Are We Improving on Silence? Search Engine Advertising Edition
Let’s say you are doing your first online advertising campaign. The first terms you advertise in the search engine listing is your organization’s name. Or the first audience you advertise to on the social networks are the people who are already your fans.
This makes perfect sense. In the land of concentric circles on a PowerPoint slide, these are the closest in – your favorite people and your most popular search term. And over time, your wise judgement is validated. Your brand terms have your highest click-through rates. And the people who like you the most on social media, shockingly, like you the most in terms of clicking through on your ads. Yay! Raises for everyone!
Except… those are the people most likely to have clicked through whether you placed the ad or not. Are you just getting the people who would have come to your site anyway, except paying for the experience?

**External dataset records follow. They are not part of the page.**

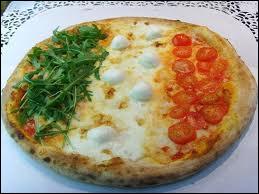 Laquelle de ces villes d'Italie est généralement considérée comme le berceau de la pizza, célèbre préparation culinaire consommée dans le monde entier ?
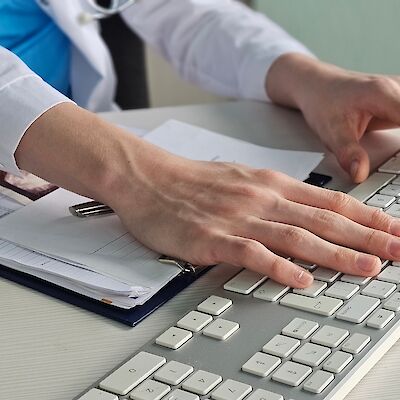 Pirha irtisanoi erikoislääkärin vakavan tietosuojarikkomuksen takia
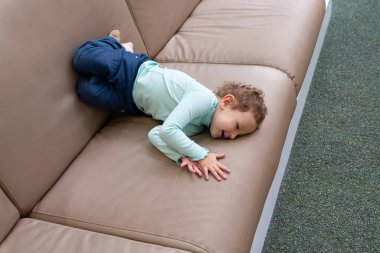 Alışveriş merkezinin çocuk parkında üç yaşında tatlı bir çocuk. İnsanlar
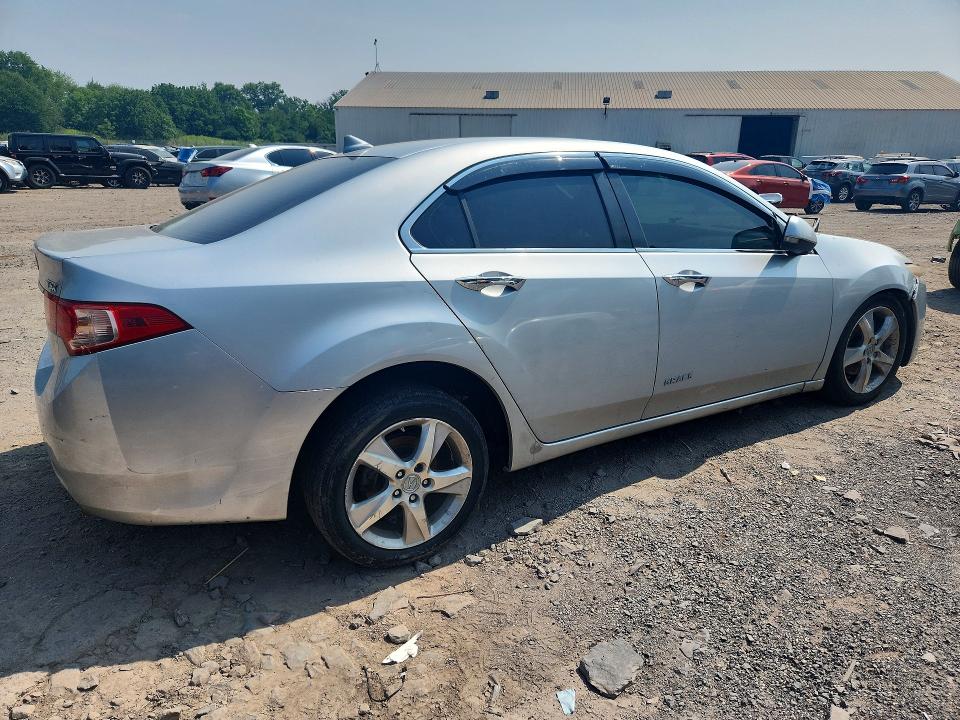 Фото 3 с аукциона – 2011 ACURA TSX с VIN JH4CU2F69BC016769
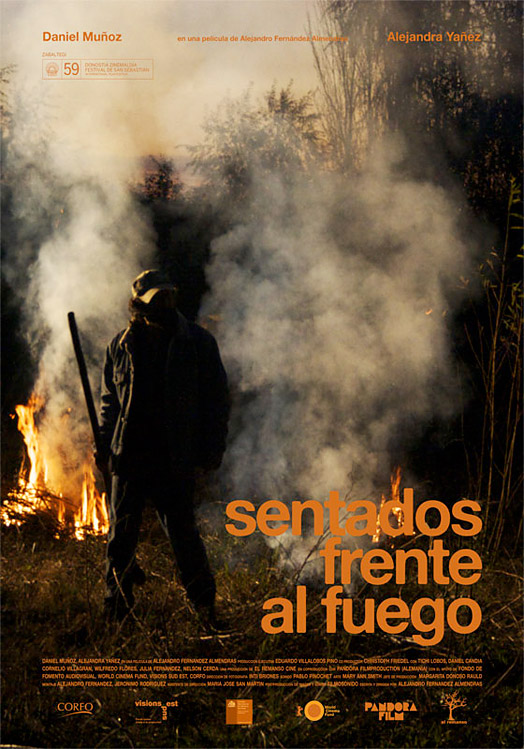 Sentados frente al fuego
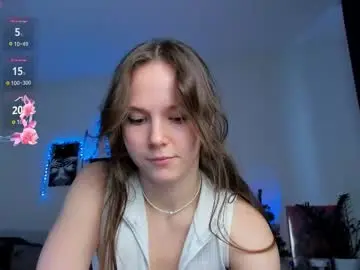 Cute_little_ass  live sex cam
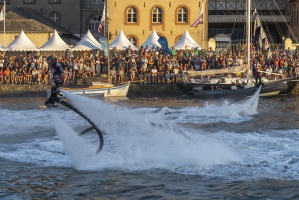 Le magnifique show de flyboard par l'quipe Zapata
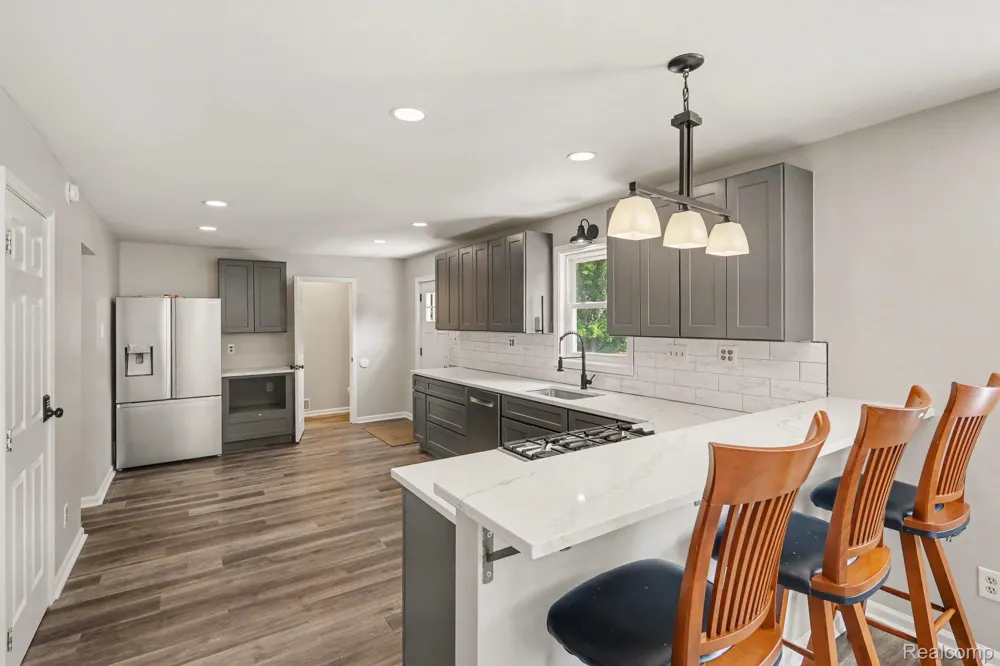 1253 Harper Road Alaiedon Township, MI 48854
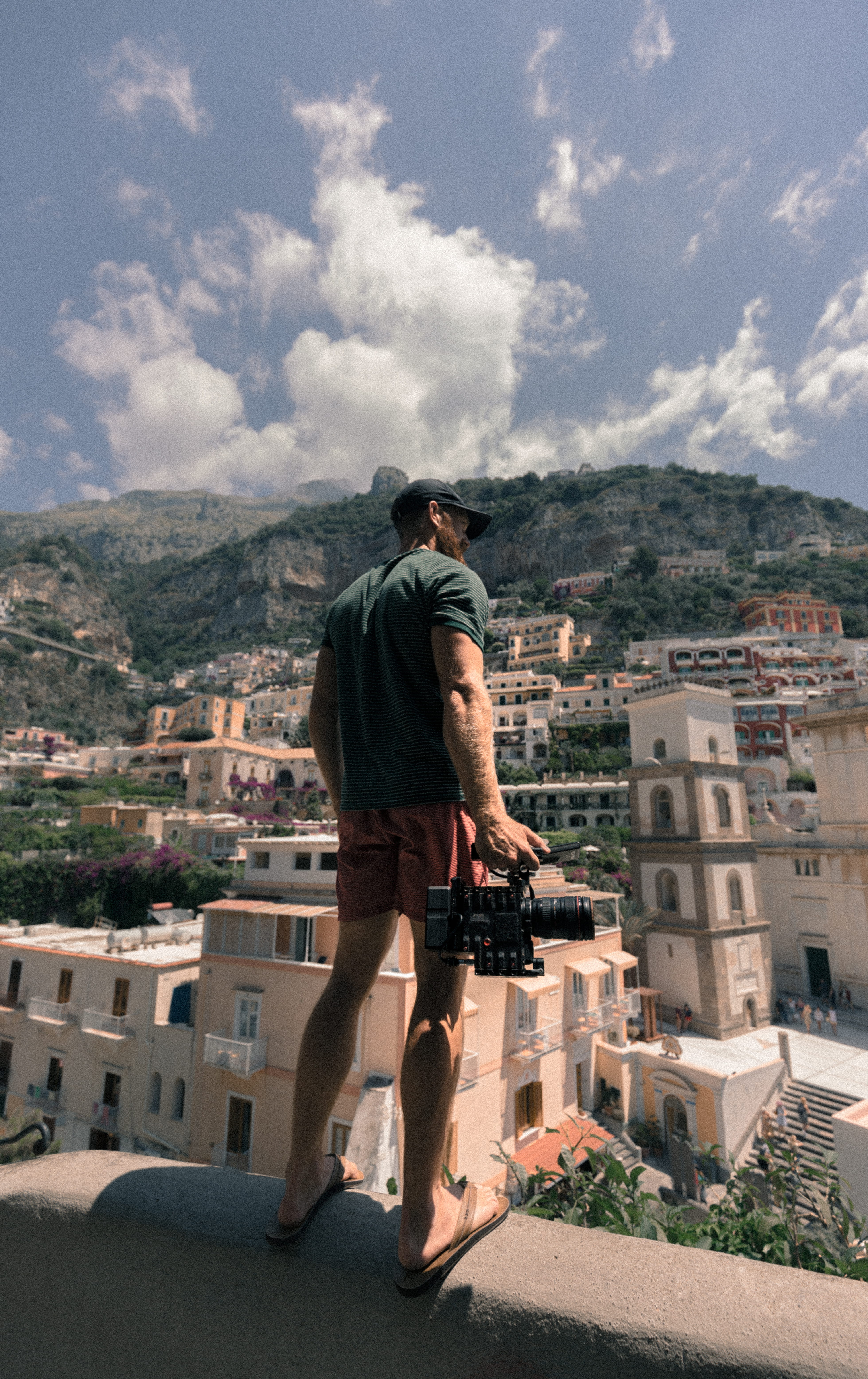 townscape, canon photography, residential district, man, city, camera, hillside, building, wall, buildings, outdoors, muscle, film gear, full length, landscape, Phone HD Wallpaper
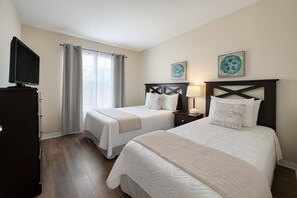 5 室のベッドルーム、アイロン / アイロン台、旅行用ベビーベッド、WiFi (無料)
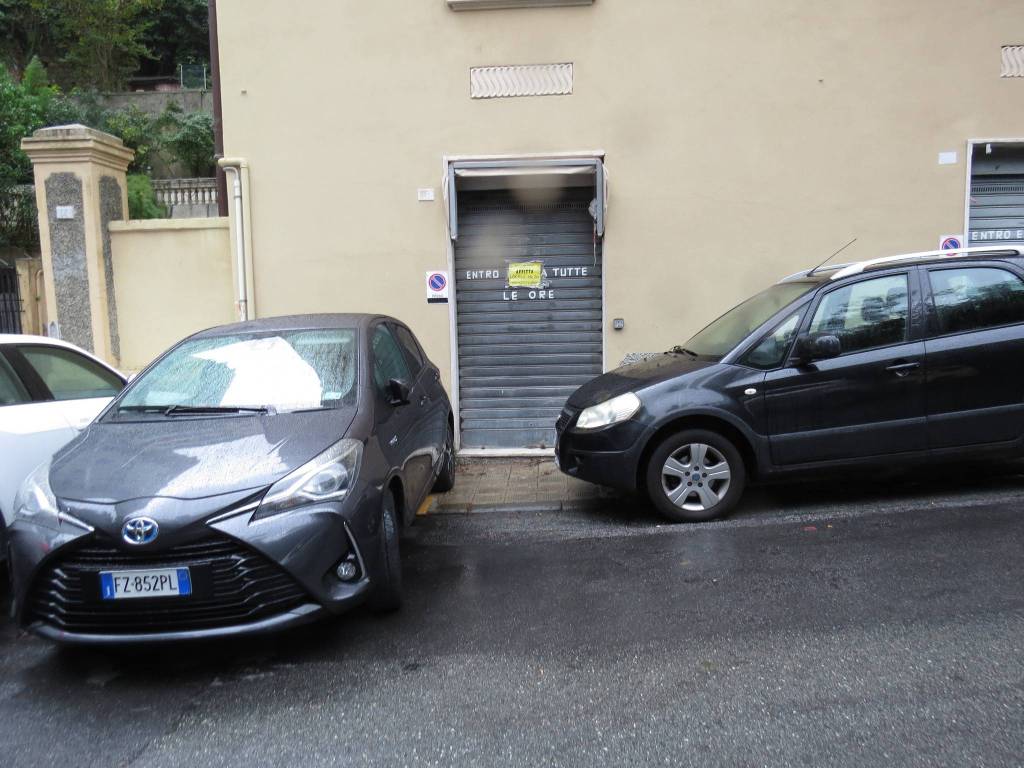 negozio in affitto a Genova in zona Castelletto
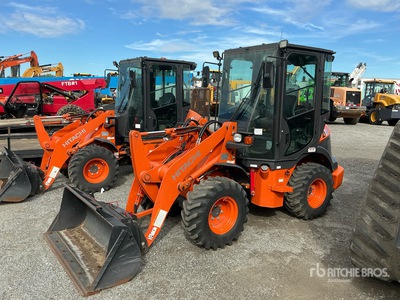 2021 Hitachi ZW30 Pala Cargadora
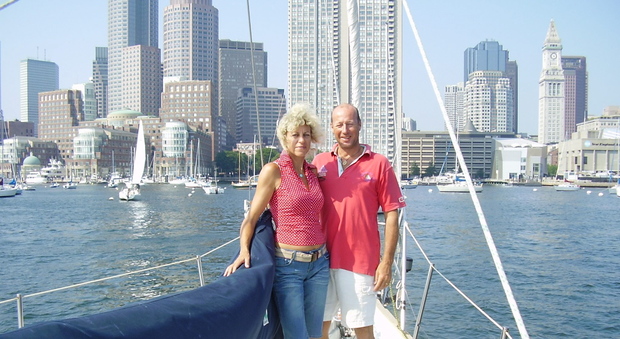 Nicoletta e Alfredo Giacon sulla loro barca Jancris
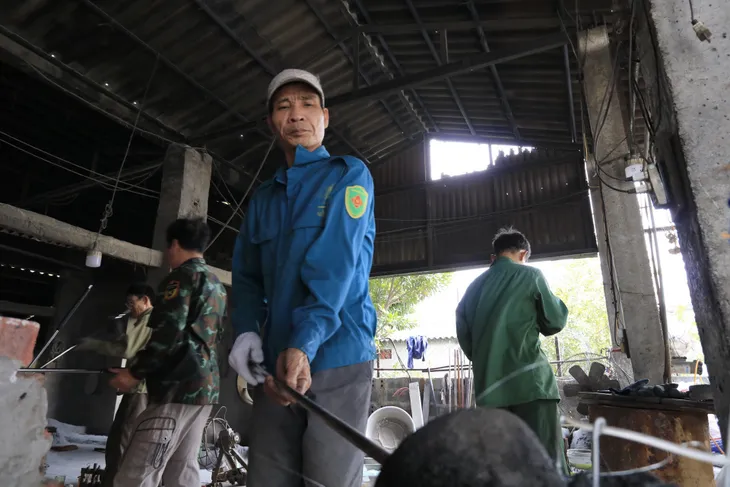 Bập bùng đỏ lửa giữ nghề thổi thủy tinh Xối Trì - Ảnh 4. Bập bùng đỏ lửa giữ nghề thổi thủy tinh Xối Trì - Ảnh 4.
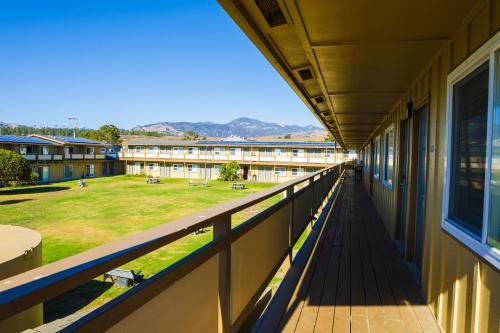 Silver Surf Motel - image 10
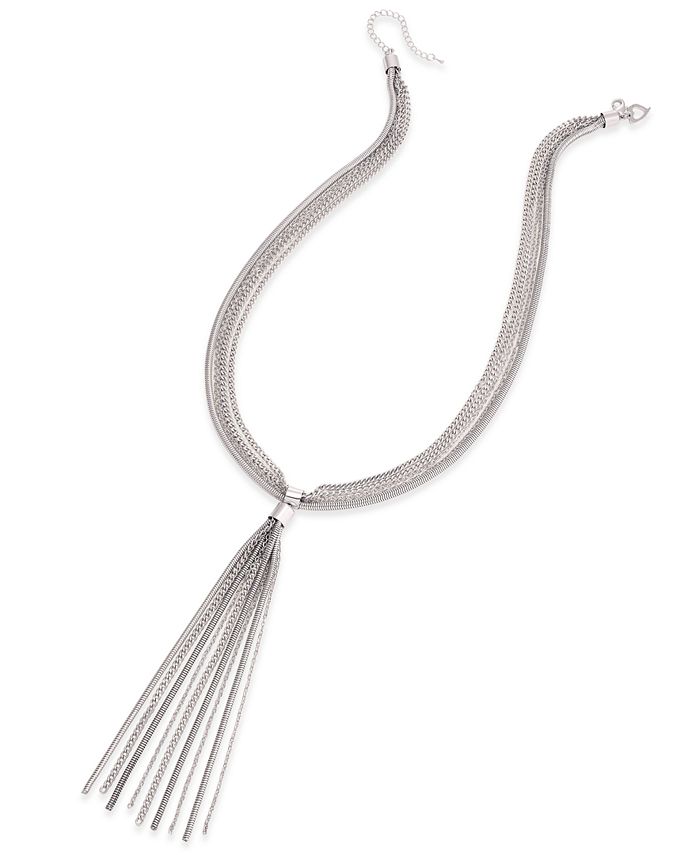 Collar llamativo de múltiples cadenas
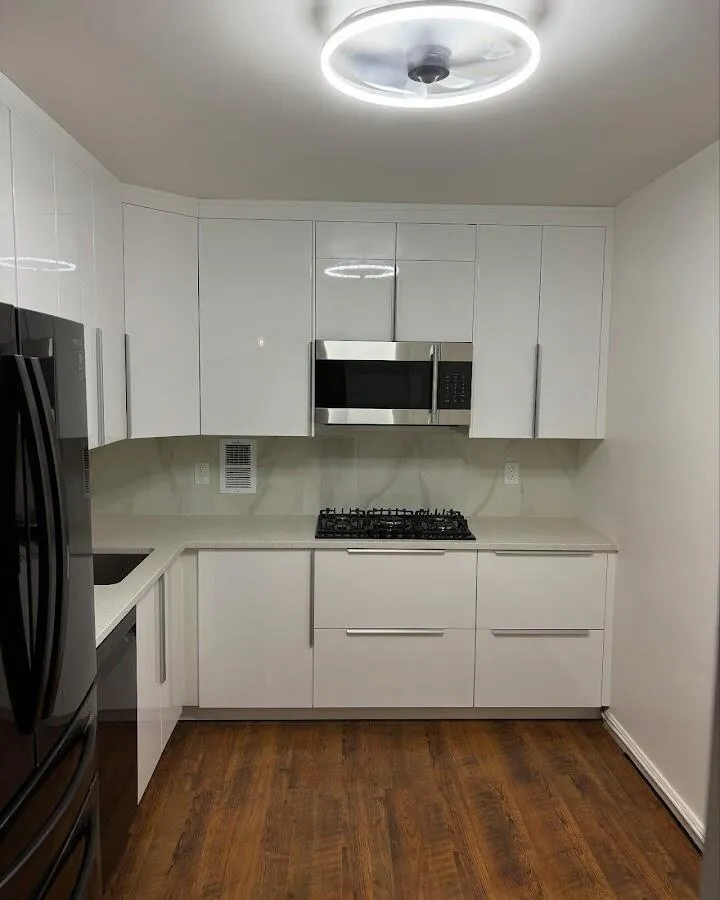 Renovated kitchen with quartz countertops in Richmond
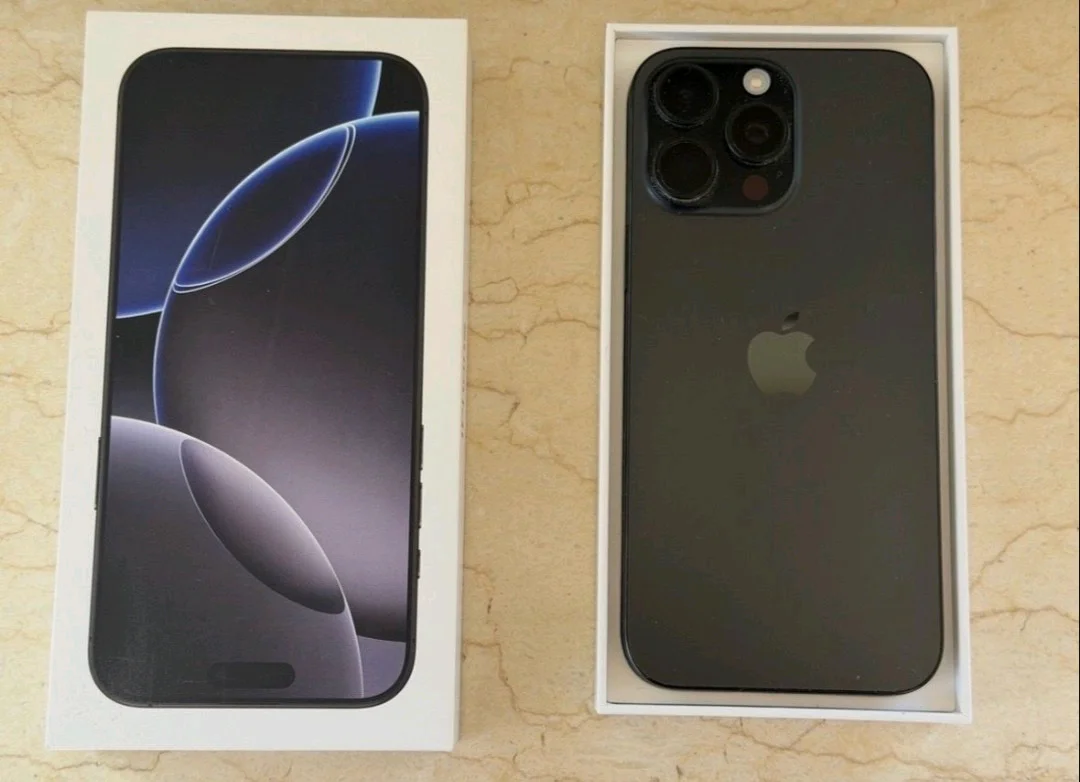 iPhone 16 Pro Max 512GB Unlocked – 1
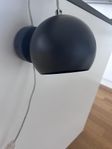 Vägglampa Ball grå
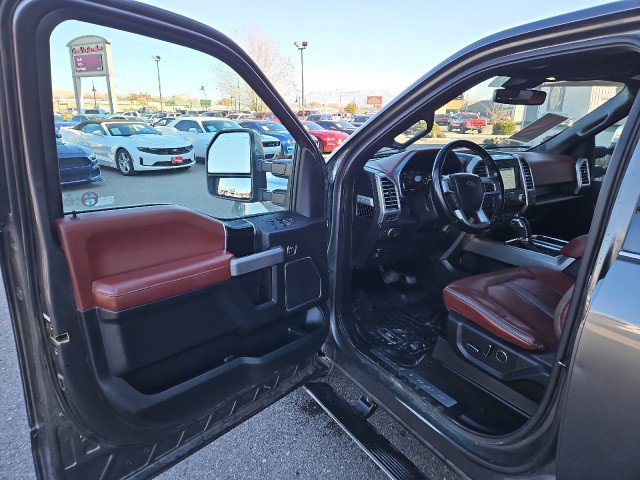 Used 2018 Ford F150 Platinum w/ Max Trailer Tow Package image 8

eBay wanted to find out (here’s the study we’ll talk about). For those who don’t remember the Google of over a decade ago, you could not swing a Beanie Baby or piece of toast with a burn vaguely the shape of the Virgin Mary without seeing an eBay ad for whatever product you sought.
So they stopped advertising on their brand name. How much traffic do you think they lost from search engines?
Wrong. Lower.
Turns out only .5% of traffic was lost (.529% to be precise). The remaining 99.5% of search traffic found that eBay was, not shockingly, still the first result when you searched “eBay” and clicked it anyway.
What about non-brand keywords? Turns out eBay is the perfect place to test this, because they have a pretty big number of products and, thus, keywords. They went cold turkey– no ads in 30% of the media markets in the United States. Attributed sales – sales coming in within 24 hours of clicking on a Google ad link – dropped 72%. (Why not 100%? According to the authors: “The remaining ad sales from test DMAs are an artifact of the error both in Google’s ability to determine a user’s location and our determination of the user’s location.”)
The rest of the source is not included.